Un sistema electoral que de forma continua deja insatisfecha a una gran parte de los electores no se puede considerar democrático.
La impugnación a los resultados de ese sistema es más que el capricho de un candidato, como de forma simplista y manipuladora se quiere hacer ver.
El sistema sencillamente no funciona. No lo hizo en 2006 y no ocurrió tampoco ahora en 2012. El común denominador en ambas elecciones presidenciales ha sido la serie de violaciones que pasan frente a las narices de los consejeros del Instituto Federal Electoral (IFE) y los magistrados del Tribunal Electoral del Poder Judicial de la Federación (TEPJF), sin que ninguna de ellas tenga consecuencias.
Consejeros y magistrados se asumen como árbitros y no como autoridades. No fueron capaces de detener al entonces presidente Vicente Fox y al Consejo Coordinador Empresarial para cesar su injerencia de hace seis años, que fue más para detener a Andrés Manuel López Obrador que para apoyar a Felipe Calderón.
Ahora contemplaron cómo Televisa iba construyendo una candidatura, cómo se usaron las encuestas como arma propagandística y cómo se compró el voto, presumiblemente con lavado de dinero, sin que hasta ahora haya tenido alguna consecuencia.
Felipe Calderón fue un presidente carente de legitimidad por la manera en que se le adjudicó la elección en el TEPJF. Enrique Peña se perfila a ser lo mismo, aun cuando la aritmética de los votos sea mayor.
No es el cómputo de los votos, sino la calidad de la votación. Los mismos argumentos que usó el PAN en su momento, ahora los está utilizando el PRI: los ciudadanos cuentan los votos y los cuentan bien. Ahora hasta con un recuento mucho mayor.
Autocontenidos en su función de arbitraje, el IFE y el TEPJF se escudan en que actúan con lo que el Congreso les ha dado. Se dicen defensores de la ley, pero no de sus principios.
Ninguna democracia pasaría una burda pero efectiva campaña negra como la del “peligro para México” de hace seis años, ni avalaría la compra del voto como lo hicieron el PRI y el Partido Verde con las impugnadas tarjetas bancarias y departamentales prepagadas.
Era claro que el PAN no iba a impugnar la elección presidencial porque, tal y como está diseñado el sistema electoral, puede ganar una próxima vez.

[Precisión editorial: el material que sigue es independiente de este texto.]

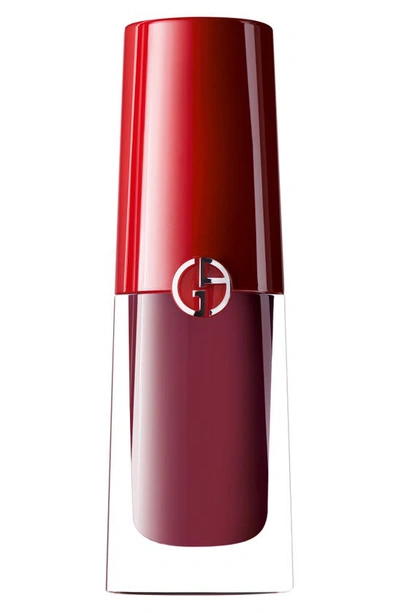 Shop Giorgio Armani Lip Magnet Liquid Lipstick In 510 Magnetic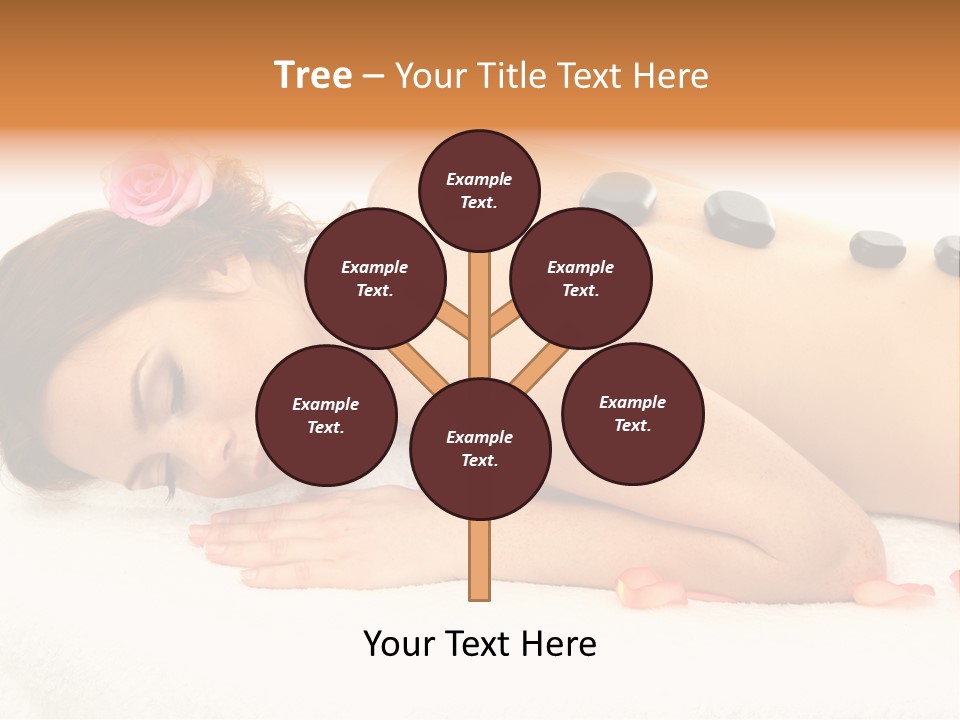 One Pink Skin PowerPoint Template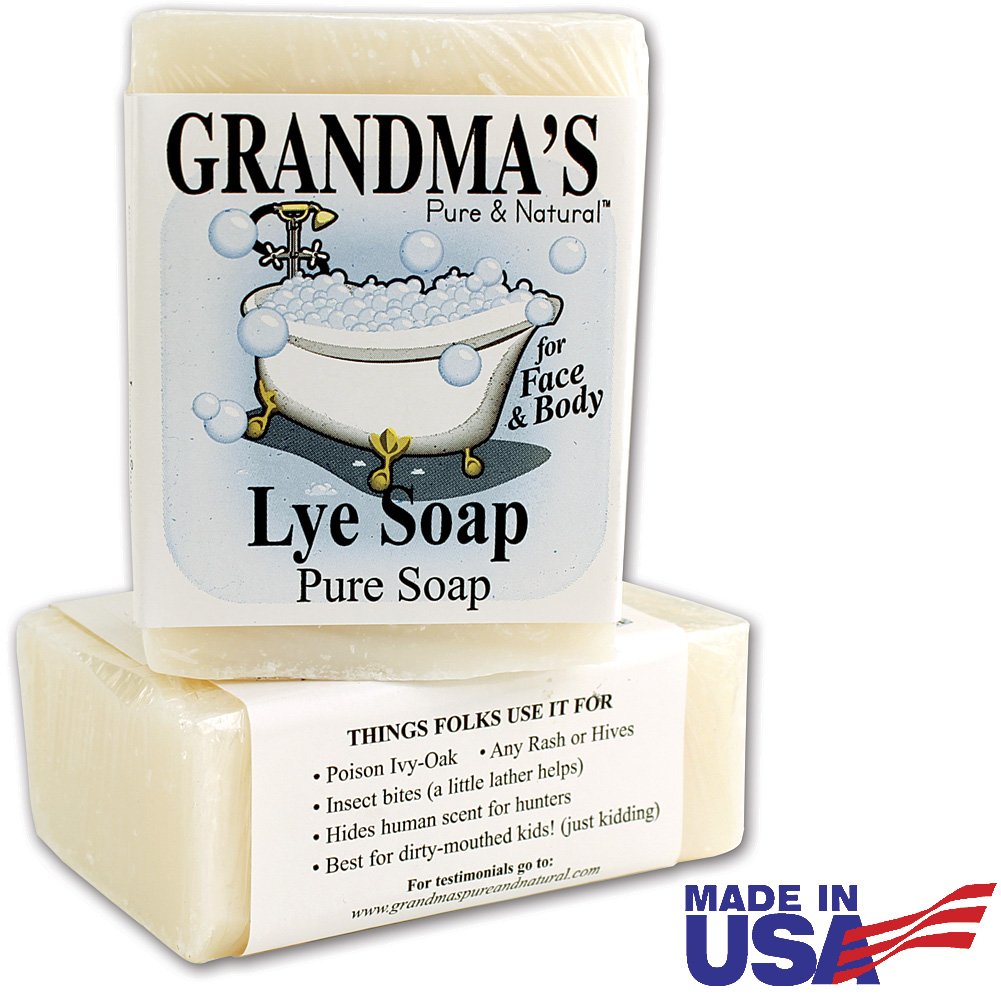 Remwood Products Co. Grandma's Lye Soap for Face & Body 6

Dependerá no de los electores, sino de la calidad de trampas que pueda hacer.
No impugnó la elección, sino sólo una de las trampas, en retribución a lo que hizo el PRI hace seis años. “Oposición responsable”, le llaman a este sistema bipartidista que han creado en la práctica.
Hace seis años fue un candidato impuesto. Ahora, una criatura telegénica. Ilegítimo uno como el otro. La ley tiene que ser legitimada. Para serlo, tiene que ser cumplida por el gobernado, así sea un ciudadano común, un candidato presidencial o un magnate mediático.
Pero la condición de ley legitimada viene también de su aplicación por parte de la autoridad. Cuando el IFE o el TEPJF se pasaron durante años perdonando las ilegalidades cometidas en torno de la figura de Peña Nieto, sus decisiones acaban sin ser aceptadas por una parte de la sociedad y no sólo por el candidato excluido de ese sistema electoral que sólo posibilita la alternancia del PRI-PAN.
En la ley legitimada, la autoridad sanciona. En México, no. Sólo se simula. Peña Nieto se promocionó por años, apoyado por la televisión y gastando millones de pesos en spots sobre los “logros” de su gobierno en el estado de México. Le dio la vuelta a la reforma electoral de 2007, aprobada para evitar las ilegalidades cometidas por Calderón en su campaña.
Ahora el PAN habla de una nueva reforma electoral para evitar mañas como de las que se valió Peña Nieto, sobre todo en el uso propagandístico de las encuestas.
No habrá reforma que valga si la autoridad no es la primera en legitimar la ley, como parte de un verdadero estado de derecho.
La izquierda no puede presentarse sólo como víctima. También con sus prácticas electorales clientelares ha sido comparsa del sistema electoral del que hoy se queja. Si la izquierda reclama al IFE y al TEPJF, también debe hacerse cargo de su incapacidad para superar la subcultura política que ha hecho posible la simulación democrática.